- _SUPPLIED RECORDS_
--------------------

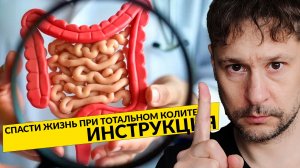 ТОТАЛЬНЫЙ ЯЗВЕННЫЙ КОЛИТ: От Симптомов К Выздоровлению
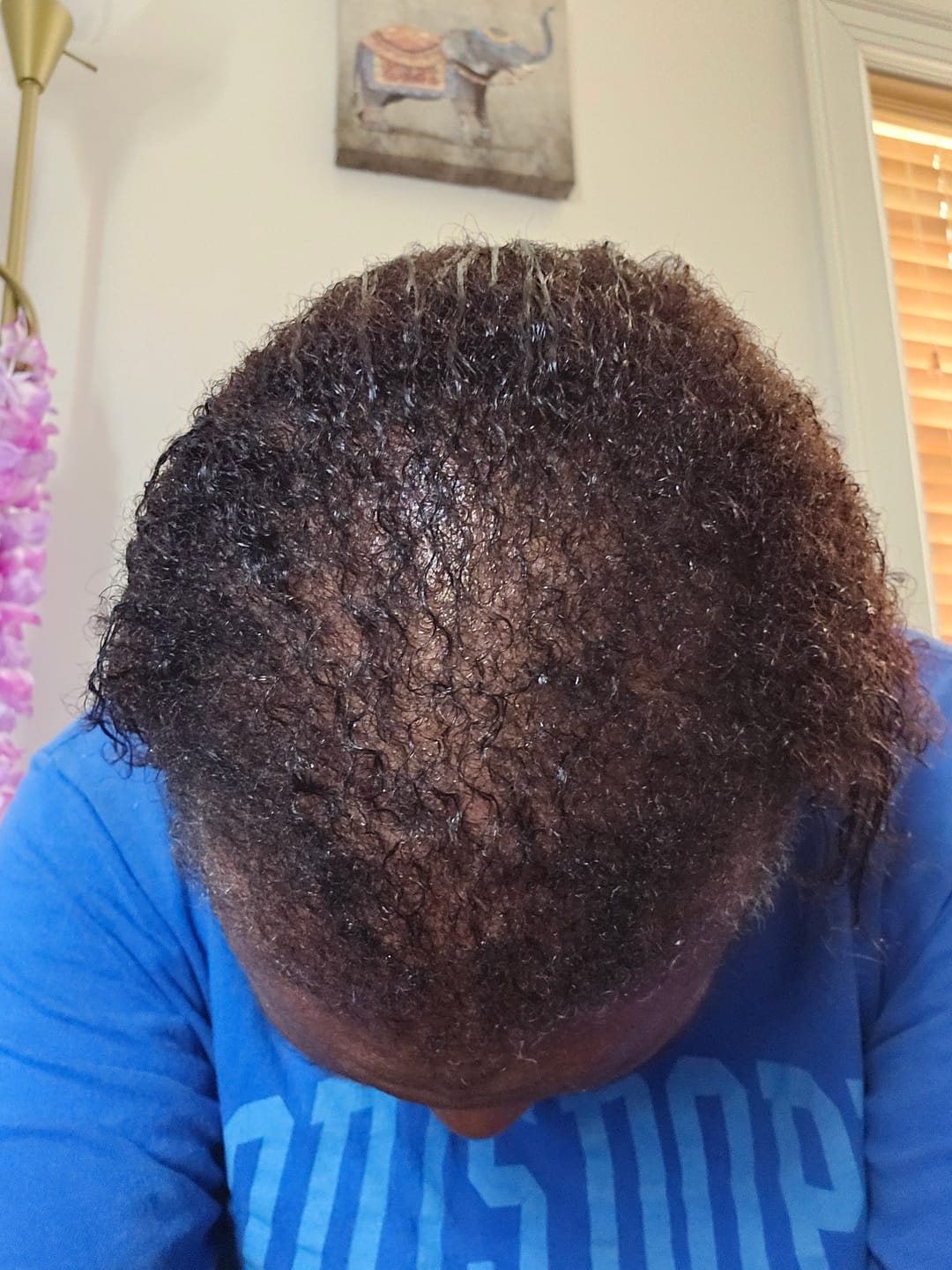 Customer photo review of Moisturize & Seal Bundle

--------------------

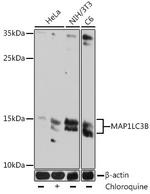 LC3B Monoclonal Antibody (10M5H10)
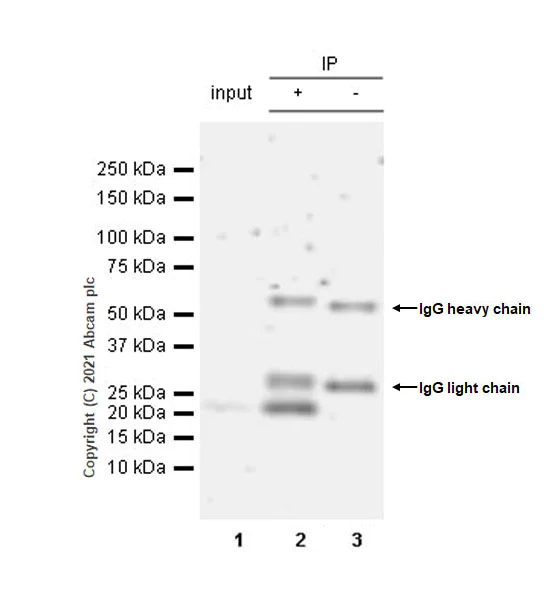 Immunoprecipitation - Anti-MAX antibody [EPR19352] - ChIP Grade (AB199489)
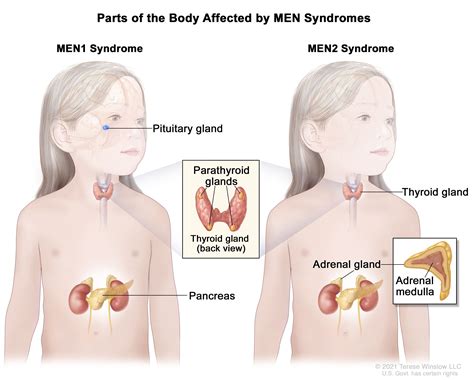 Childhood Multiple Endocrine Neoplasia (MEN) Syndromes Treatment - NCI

--------------------

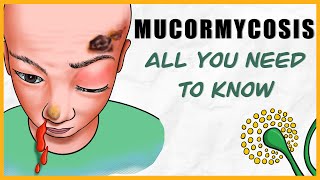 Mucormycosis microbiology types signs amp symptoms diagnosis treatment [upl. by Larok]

--------------------

- _EXERCISE DESCRIPTION_
Above are the records; restate exactly the lines from the one containing "LC3B Monoclonal Antibody (10M5H10)" through the one containing "Childhood Multiple Endocrine", keeping pictures out.

- _TASK OUTPUT_
 LC3B Monoclonal Antibody (10M5H10)
 Immunoprecipitation - Anti-MAX antibody [EPR19352] - ChIP Grade (AB199489)
 Childhood Multiple Endocrine Neoplasia (MEN) Syndromes Treatment - NCI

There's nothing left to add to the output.